大学生に命の大切さを訴える江角弘道さん=松江市西川津町、島根大
大学生に命の大切さを訴える江角弘道さん=松江市西川津町、島根大

 飲酒運転の車による事故で娘を亡くした江角弘道さん(79)と妻の由利子さん(76)=出雲市斐川町神氷=が5日、松江市西川津町の島根大で講演し、大学生約90人に家族を失った心情と命の大切さを語りかけた。

 江角さんは1999年12月、鳥取大3年生だった次女の真理子さん=当時(20)=を亡くした。友人と車に乗っていた真理子さんは鳥取県智頭町の国道のトンネルを出る直前、中央線を越えてきた飲酒運転の車と衝突し巻き込まれた。

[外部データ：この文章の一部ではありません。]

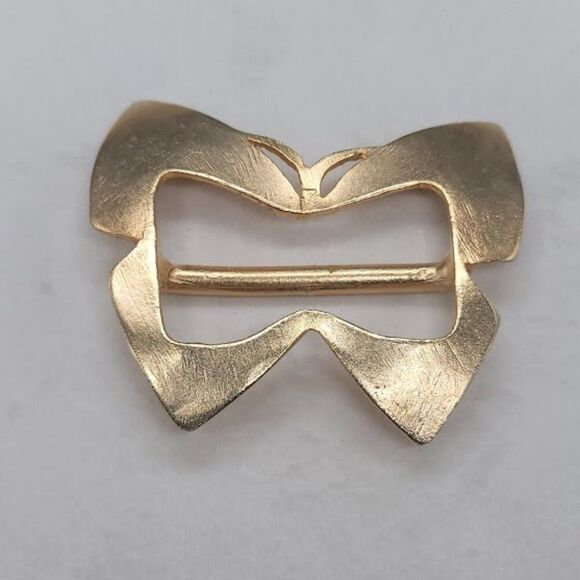 ULTRA CRAFT Scarf Clip - Picture 1 of 4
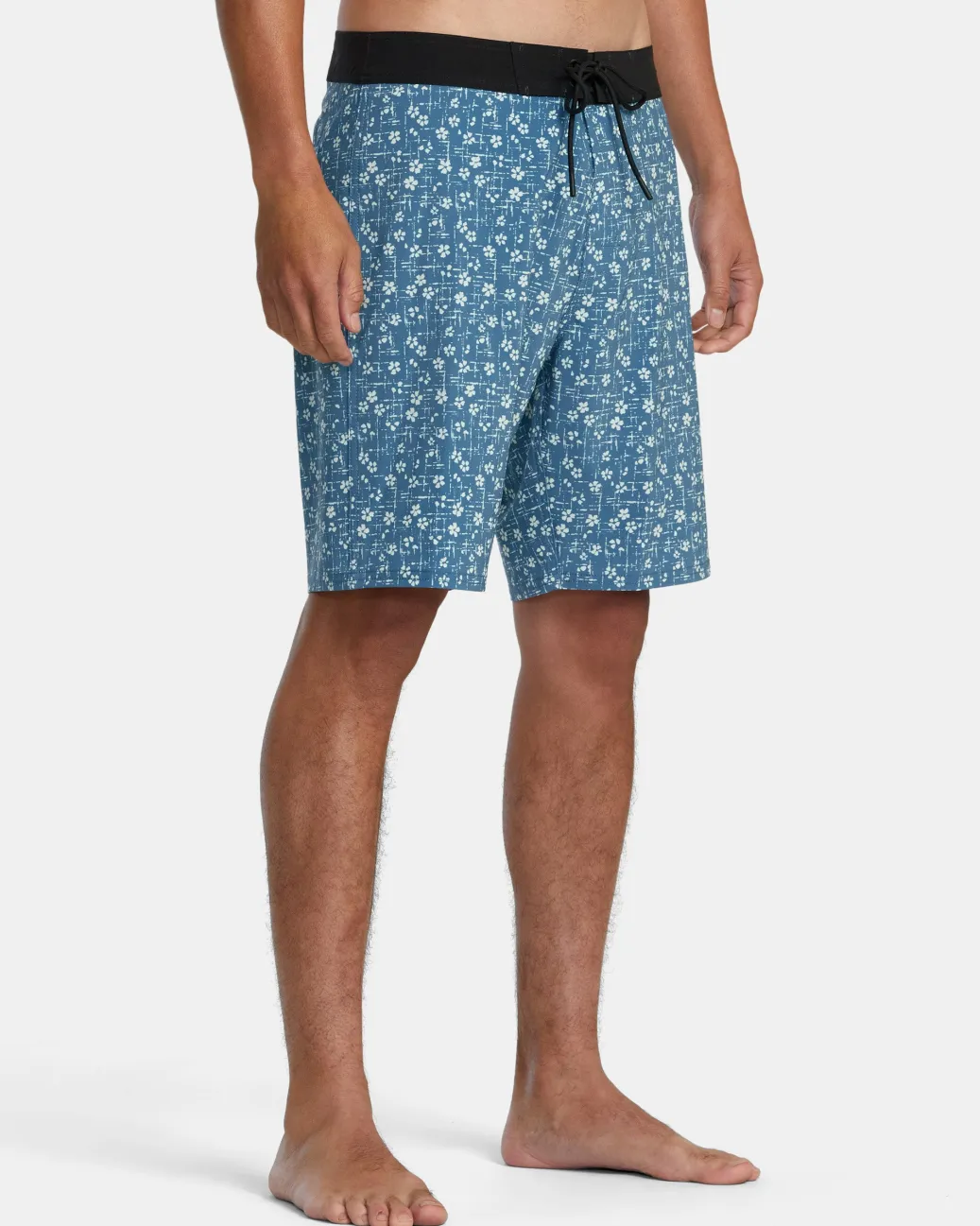 RVCA Boardshorts / Trunks|18"-19" Outseam>VA 19" BOARDSHORTS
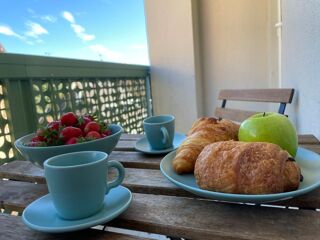  Appartement  vendre 3 pices 58 m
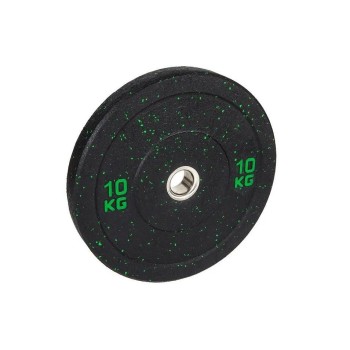 Fitcom Disque d'haltères HiTemp 10 kg Fitcom Disque d'haltères HiTemp 10 kg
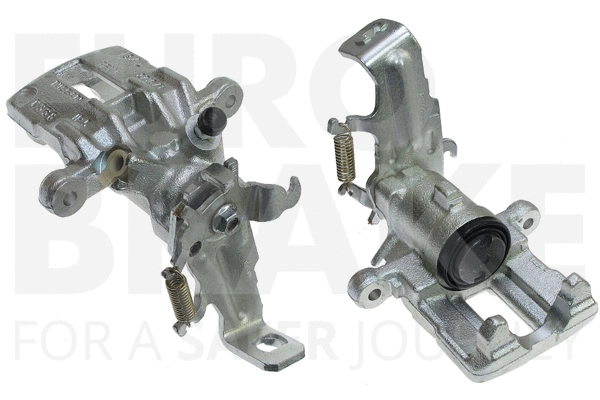 Brake Caliper (53012122147)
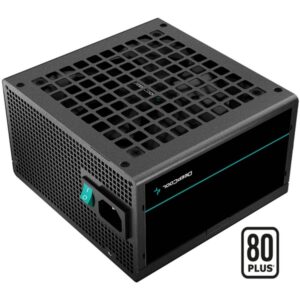 DeepCool PF400 400W – R-PF400D-HA0B-EU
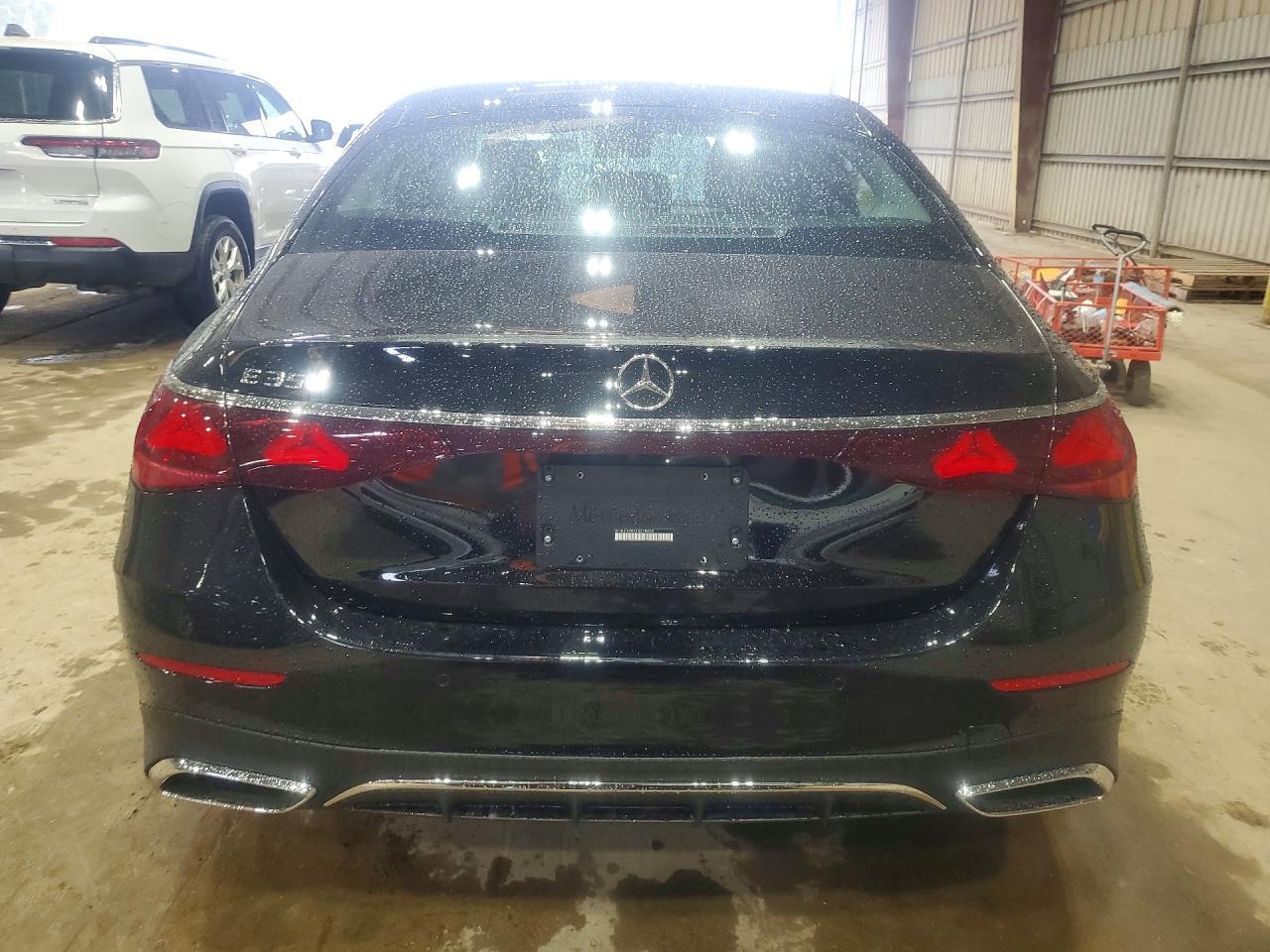 2026 Mercedes-Benz E 320 4Matic - Фото 6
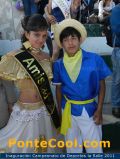 Campeonato de Deportes Colegio La Salle 2011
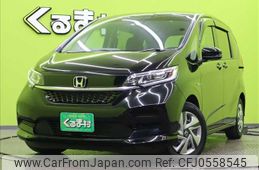 honda freed 2021 -HONDA--Freed 6AA-GB7--GB7-3157860---HONDA--Freed 6AA-GB7--GB7-3157860-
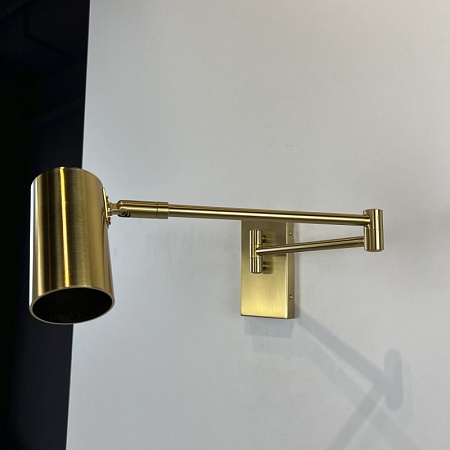 Настенный Светильник Vallbo Imperiumloft 141118-26 - фото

 弘道さんは事故当時、人と会うたびに事故について話すことがつらく、買い物も遠くのスーパーに行っていたと話した。

 弘道さんは車を運転できる大学生に向けて「車は使い方を間違えると殺人の道具になる」「被害者にも加害者にもならないで」と訴えた。

 法文学部3年の高橋和愛(のあ)さん(20)は「意識すれば加害者になる人を減らせる。大切なことだと思った」と話した。

 講演は地域社会で安心、安全な暮らしを維持するために必要なことについて学ぶ講義「地域社会の生活と安全」の一環で開いた。